Delyn Bull, an E&H senior, has been in a long-distance relationship for the past three years. She plans to marry her fiance Mark in the coming months. By all accounts, Delyn’s long-distance relationship is a successful one. But what makes long-distance work for some people, and not others?
“I think a lot of it has to do with a person’s ability to communicate,” said Delyn, “and a person’s ability to trust. Without those two things, it’s really a shot in the dark.” She also listed an individual’s personality and expectations as influencing factors in whether or not a long-distance relationship can work. “It’s not for everyone,”
“It’s not for everyone,” Delyn added. “It’s not easy. Love isn’t easy. Falling in love is easy, but loving someone is not easy.”
For E&H alumna Megan Henderson, the struggle of being in a long-distance relationship has been exacerbated by the fact that her boyfriend lives in the United Kingdom. However, she has enough experience to know how to handle the distance.
“We always remind each other that it’s not forever, it’s just for right now,” said Megan. “We find ways to make time for each other.”
In a study published by the Atlantic in a 2013 article, researchers at Queen’s University in Ontario determined that “those in [LDRs] are no less satisfied than those in [geographically close relationships].” LDR is a shorthand term for long-distance relationships.
As reported by Julie Beck of the Atlantic, the Ontario-based study also found that “greater distance apart actually predicted more intimacy, communication, and satisfaction in [LDR] relationship[s].” This study used a diverse sample of people of varying sexualities, as well as non-students.
In Delyn’s case, she has never been in a serious relationship that wasn’t long-distance. However, she understands the drawbacks that are often associated with long-distance romantic relationships.
“People often say, ‘oh my gosh I could never do that.’ That’s annoying, but it’s also almost encouraging to me,” explained Delyn. “Like, you can do this thing that other people really struggle with.”
However, according to a 2014 article by CNN, there is another study that shows how people in LDRs can actually benefit from the distance that so many find daunting. The article references a 2013 study published in the Journal of Communication.
“Long-distance couples try harder than geographically close couples in communicating affection and intimacy, and their efforts do pay back,” said Crystal Jiang, coauthor of the study referenced in the CNN article.
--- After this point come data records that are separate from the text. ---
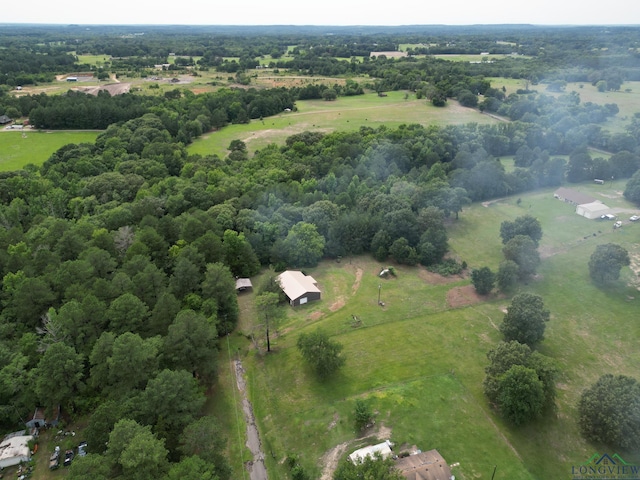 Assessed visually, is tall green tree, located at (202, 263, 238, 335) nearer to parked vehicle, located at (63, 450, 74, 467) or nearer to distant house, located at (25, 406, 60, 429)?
distant house, located at (25, 406, 60, 429)

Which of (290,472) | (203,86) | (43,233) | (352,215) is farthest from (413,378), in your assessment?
(203,86)

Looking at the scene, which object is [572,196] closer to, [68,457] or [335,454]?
[335,454]

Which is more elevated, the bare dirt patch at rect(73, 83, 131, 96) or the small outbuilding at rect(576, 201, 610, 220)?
the bare dirt patch at rect(73, 83, 131, 96)

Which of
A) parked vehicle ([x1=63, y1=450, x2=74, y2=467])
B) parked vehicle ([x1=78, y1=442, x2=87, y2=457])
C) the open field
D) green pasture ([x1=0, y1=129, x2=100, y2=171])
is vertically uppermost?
the open field

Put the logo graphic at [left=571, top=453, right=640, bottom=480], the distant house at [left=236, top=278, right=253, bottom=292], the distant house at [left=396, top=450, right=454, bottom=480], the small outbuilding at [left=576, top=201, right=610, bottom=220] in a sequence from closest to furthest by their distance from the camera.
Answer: the distant house at [left=396, top=450, right=454, bottom=480] < the logo graphic at [left=571, top=453, right=640, bottom=480] < the distant house at [left=236, top=278, right=253, bottom=292] < the small outbuilding at [left=576, top=201, right=610, bottom=220]

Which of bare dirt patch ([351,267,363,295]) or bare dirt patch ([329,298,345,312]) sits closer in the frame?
bare dirt patch ([329,298,345,312])

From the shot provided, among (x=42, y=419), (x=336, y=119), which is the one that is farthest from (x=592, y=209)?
(x=42, y=419)

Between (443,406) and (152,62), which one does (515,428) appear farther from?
(152,62)

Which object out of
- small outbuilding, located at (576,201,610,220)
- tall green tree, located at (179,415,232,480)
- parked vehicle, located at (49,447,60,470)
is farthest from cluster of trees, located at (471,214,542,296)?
parked vehicle, located at (49,447,60,470) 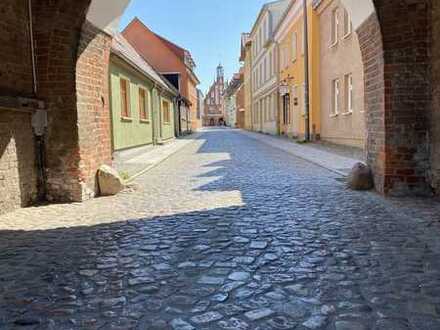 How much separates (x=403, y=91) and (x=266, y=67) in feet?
102

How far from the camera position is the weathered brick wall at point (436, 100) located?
619cm

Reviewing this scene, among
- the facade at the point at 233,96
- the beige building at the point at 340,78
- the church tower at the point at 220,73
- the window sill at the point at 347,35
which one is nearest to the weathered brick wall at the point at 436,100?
the beige building at the point at 340,78

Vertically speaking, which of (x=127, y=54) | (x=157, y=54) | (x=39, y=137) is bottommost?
(x=39, y=137)

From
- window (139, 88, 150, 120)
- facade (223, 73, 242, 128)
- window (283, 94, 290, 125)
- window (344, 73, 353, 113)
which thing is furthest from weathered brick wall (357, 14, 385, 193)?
facade (223, 73, 242, 128)

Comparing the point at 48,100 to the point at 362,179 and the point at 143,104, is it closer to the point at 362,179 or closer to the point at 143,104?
the point at 362,179

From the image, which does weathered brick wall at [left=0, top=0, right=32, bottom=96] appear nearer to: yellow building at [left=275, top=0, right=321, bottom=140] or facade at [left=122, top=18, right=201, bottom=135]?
yellow building at [left=275, top=0, right=321, bottom=140]

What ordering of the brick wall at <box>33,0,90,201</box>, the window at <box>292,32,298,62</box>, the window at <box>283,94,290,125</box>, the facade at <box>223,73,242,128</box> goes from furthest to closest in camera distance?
the facade at <box>223,73,242,128</box>, the window at <box>283,94,290,125</box>, the window at <box>292,32,298,62</box>, the brick wall at <box>33,0,90,201</box>

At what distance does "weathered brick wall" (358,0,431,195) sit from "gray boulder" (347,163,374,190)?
0.58 metres

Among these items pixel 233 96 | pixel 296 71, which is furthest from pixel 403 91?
pixel 233 96

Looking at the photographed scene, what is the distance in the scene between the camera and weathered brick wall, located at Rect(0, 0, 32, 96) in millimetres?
A: 6012

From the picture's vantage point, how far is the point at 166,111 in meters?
26.2

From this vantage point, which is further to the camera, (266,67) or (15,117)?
(266,67)

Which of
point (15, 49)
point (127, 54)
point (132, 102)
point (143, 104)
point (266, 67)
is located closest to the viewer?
point (15, 49)

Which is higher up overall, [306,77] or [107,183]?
[306,77] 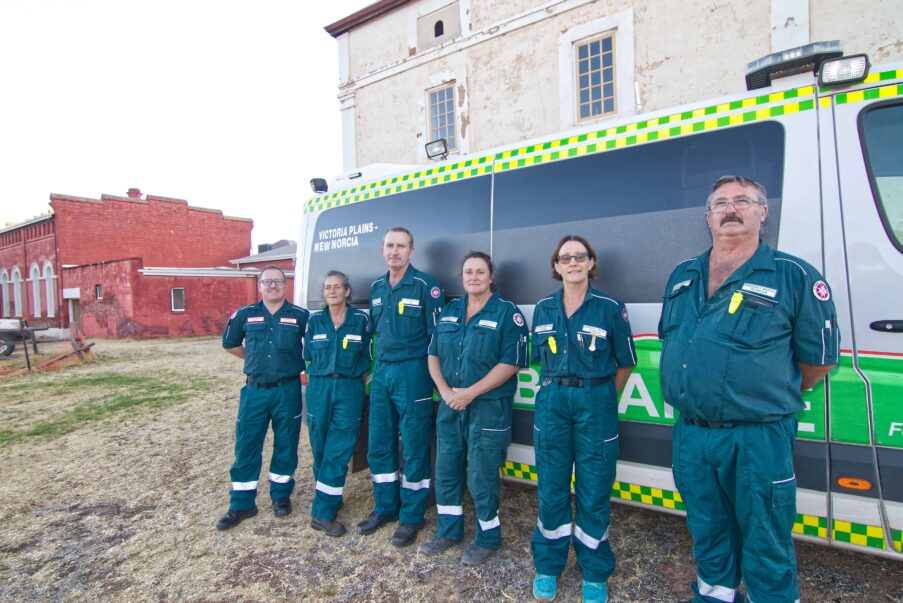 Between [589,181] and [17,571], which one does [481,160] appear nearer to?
[589,181]

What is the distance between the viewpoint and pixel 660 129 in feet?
8.69

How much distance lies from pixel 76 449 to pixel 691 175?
6690 millimetres

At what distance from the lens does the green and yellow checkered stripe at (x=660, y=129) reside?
2322 mm

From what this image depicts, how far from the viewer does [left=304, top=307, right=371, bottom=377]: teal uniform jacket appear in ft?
11.4

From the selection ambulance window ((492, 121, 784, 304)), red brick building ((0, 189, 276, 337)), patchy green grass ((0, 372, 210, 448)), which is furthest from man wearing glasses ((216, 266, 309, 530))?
red brick building ((0, 189, 276, 337))

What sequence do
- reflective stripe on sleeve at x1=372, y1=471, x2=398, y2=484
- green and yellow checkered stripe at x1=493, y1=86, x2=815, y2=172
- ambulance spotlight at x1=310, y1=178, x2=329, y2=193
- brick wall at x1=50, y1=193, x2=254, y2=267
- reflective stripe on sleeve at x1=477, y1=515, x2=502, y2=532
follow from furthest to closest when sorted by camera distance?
brick wall at x1=50, y1=193, x2=254, y2=267
ambulance spotlight at x1=310, y1=178, x2=329, y2=193
reflective stripe on sleeve at x1=372, y1=471, x2=398, y2=484
reflective stripe on sleeve at x1=477, y1=515, x2=502, y2=532
green and yellow checkered stripe at x1=493, y1=86, x2=815, y2=172

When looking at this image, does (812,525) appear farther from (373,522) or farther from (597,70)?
(597,70)

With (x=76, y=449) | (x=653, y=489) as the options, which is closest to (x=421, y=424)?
(x=653, y=489)

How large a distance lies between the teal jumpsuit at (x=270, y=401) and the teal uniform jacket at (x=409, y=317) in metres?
0.75

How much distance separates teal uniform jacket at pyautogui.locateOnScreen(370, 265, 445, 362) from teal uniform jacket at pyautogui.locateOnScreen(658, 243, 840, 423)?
1679 mm

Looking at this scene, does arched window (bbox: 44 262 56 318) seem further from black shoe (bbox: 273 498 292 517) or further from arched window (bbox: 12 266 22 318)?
black shoe (bbox: 273 498 292 517)

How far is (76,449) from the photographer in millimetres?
5715

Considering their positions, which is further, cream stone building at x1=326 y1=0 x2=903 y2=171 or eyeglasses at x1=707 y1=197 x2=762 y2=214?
cream stone building at x1=326 y1=0 x2=903 y2=171

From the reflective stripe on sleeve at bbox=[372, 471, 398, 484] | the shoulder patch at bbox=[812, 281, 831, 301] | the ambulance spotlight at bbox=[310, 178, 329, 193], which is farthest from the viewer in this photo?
the ambulance spotlight at bbox=[310, 178, 329, 193] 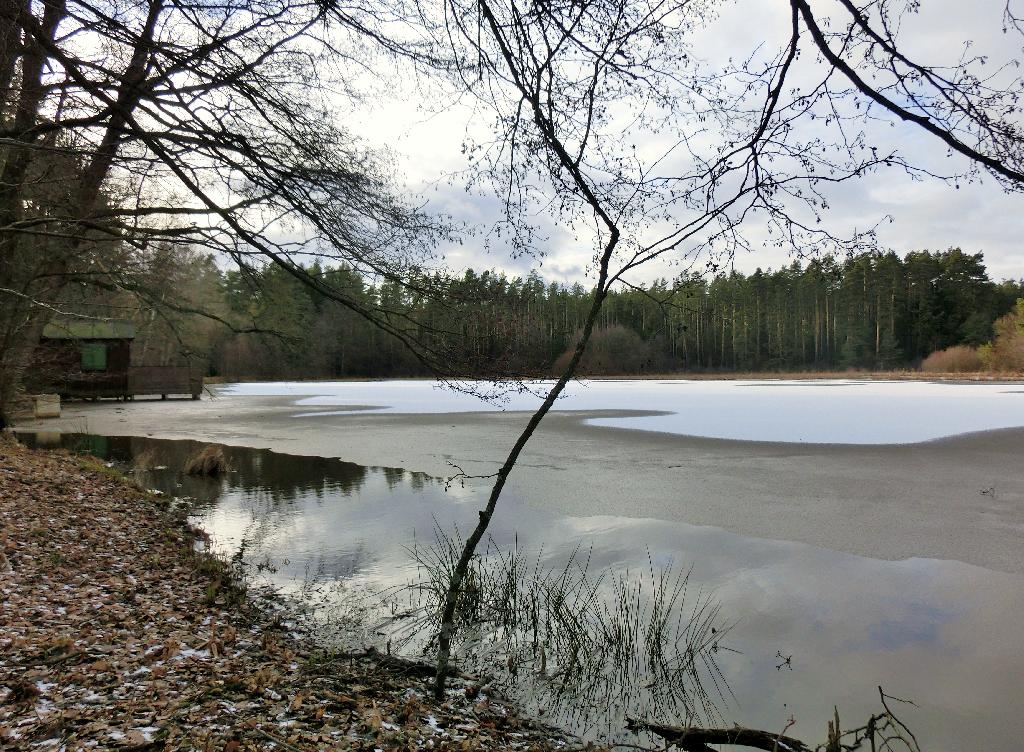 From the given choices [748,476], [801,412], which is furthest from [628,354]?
[748,476]

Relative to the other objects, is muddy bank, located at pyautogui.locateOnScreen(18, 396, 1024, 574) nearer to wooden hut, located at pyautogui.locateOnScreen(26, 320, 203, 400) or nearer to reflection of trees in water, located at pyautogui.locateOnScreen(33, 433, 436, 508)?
reflection of trees in water, located at pyautogui.locateOnScreen(33, 433, 436, 508)

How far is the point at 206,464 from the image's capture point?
13.0m

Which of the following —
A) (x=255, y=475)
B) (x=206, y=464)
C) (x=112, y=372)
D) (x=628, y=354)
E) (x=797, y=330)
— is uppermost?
(x=797, y=330)

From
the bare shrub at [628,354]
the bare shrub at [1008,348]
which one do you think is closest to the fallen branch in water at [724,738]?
the bare shrub at [1008,348]

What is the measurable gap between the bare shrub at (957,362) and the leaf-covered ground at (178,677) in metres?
57.1

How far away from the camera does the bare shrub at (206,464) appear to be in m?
12.9

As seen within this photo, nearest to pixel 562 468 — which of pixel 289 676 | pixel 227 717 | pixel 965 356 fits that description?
pixel 289 676

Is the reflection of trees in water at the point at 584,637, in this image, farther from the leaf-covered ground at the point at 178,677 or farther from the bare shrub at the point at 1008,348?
the bare shrub at the point at 1008,348

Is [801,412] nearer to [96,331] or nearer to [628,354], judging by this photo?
[96,331]

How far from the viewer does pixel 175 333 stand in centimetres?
813

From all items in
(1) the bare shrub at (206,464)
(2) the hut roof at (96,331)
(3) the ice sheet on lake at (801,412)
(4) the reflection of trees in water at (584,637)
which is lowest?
(4) the reflection of trees in water at (584,637)

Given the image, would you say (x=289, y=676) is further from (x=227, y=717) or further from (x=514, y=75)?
(x=514, y=75)

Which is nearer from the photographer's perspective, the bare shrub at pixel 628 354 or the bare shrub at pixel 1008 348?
the bare shrub at pixel 1008 348

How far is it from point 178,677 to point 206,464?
10.1 metres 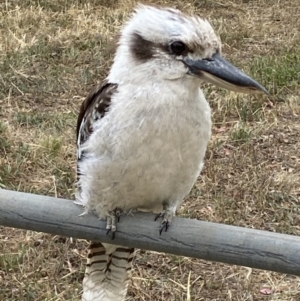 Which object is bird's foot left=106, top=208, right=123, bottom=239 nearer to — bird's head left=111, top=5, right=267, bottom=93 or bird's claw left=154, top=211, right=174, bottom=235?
bird's claw left=154, top=211, right=174, bottom=235

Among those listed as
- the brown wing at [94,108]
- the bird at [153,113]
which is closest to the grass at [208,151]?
the brown wing at [94,108]

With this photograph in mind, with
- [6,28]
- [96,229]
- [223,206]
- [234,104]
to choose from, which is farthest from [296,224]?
[6,28]

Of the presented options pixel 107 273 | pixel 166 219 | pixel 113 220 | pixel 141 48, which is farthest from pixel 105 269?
pixel 141 48

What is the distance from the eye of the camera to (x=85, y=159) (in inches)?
76.9

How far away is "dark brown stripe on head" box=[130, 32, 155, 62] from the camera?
176 cm

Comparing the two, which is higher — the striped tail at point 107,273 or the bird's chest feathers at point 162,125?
the bird's chest feathers at point 162,125

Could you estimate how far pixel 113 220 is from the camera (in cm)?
175

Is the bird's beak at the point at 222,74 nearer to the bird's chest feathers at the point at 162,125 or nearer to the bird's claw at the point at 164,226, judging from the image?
the bird's chest feathers at the point at 162,125

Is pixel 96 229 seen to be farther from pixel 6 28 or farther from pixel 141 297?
pixel 6 28

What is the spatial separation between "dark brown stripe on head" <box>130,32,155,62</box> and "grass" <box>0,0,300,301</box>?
0.76ft

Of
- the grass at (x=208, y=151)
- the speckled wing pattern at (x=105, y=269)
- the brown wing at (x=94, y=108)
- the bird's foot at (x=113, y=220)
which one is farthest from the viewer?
the grass at (x=208, y=151)

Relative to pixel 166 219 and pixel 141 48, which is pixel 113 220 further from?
pixel 141 48

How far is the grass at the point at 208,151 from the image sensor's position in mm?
2850

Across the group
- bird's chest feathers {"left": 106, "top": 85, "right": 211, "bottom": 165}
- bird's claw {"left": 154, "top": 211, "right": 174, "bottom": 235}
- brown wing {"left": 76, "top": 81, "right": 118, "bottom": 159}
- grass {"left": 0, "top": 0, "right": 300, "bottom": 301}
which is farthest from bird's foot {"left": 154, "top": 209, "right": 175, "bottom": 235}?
grass {"left": 0, "top": 0, "right": 300, "bottom": 301}
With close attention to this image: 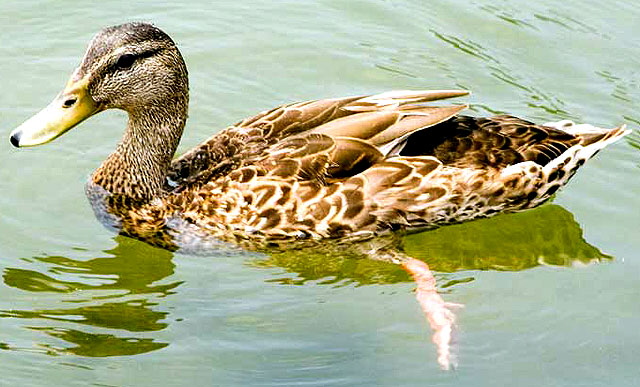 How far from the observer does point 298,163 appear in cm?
833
That effort between couples in LDRs can go a long way. And in Megan Henderson’s case, that effort and dedication can even cross an ocean. Her and James have been in a relationship for six years, and social media apps have played a large part in keeping their love alive despite the distance.
“We Snapchat daily, so that we get to see each other at least once a day,” explained Megan. She also listed Skype, the video chat and messaging app, as another source for long-distance communication. The couple also frequently watch the same TV show episodes together via streaming online or through Netflix.
“It makes us feel like we’re sitting together, and it gives us something to talk about and look forward to,” said Megan, in reference to watching TV episodes with James in real time.
While smartphones and social media have made communication in long-distance relationships much easier, Delyn admits that the availability of that technology only frustrated her, due to the unique nature of her relationship with Mark. Her fiance attended the United States Air Force Academy in Colorado throughout several years of their relationship; and during those years, he was often unable to contact her through common social media apps.
“The Academy blocks Skype, [and] Mark doesn’t have Apple so we couldn’t FaceTime,” explained Delyn. The couple was forced to find alternate apps for communicating. Mark is currently undergoing police academy training with the Charleston Police Department in South Carolina, where he is not able to use his cell phone during the week.
“So have the technology and not being able to use it is possibly more frustrating than him being in Colorado,” said Delyn. “It’s very difficult, especially planning a wedding.”
Mark now lives only two hours away from Emory & Henry’s campus, instead of fourteen hours. While this has lessened the strain on his and Delyn’s relationship, it adds the complication of adjusting to living their relationship in-person.
“It’s actually going to be really strange living with the person that I’ve been dating for three years, after we get married,” said Delyn. She commented that it’s rare for her and Mark to sit down and have a full conversation together while they are visiting in-person, since they’re both too preoccupied with physically seeing each other to talk about real-life issues. In contrast, their conversations on the phone are short and to the point–they resemble to-do lists more than love letters.
For many people in LDRs, technology can only do so much for mimicking the in-person interactions that define a modern relationship. This can be especially true for those in extremely long-distance relationships, like Megan Henderson.
“I don’t think there’s a good way to deal with distance. As long as you trust, love, and make time for one another each couple can find their own way to struggle through the distance,” said Megan.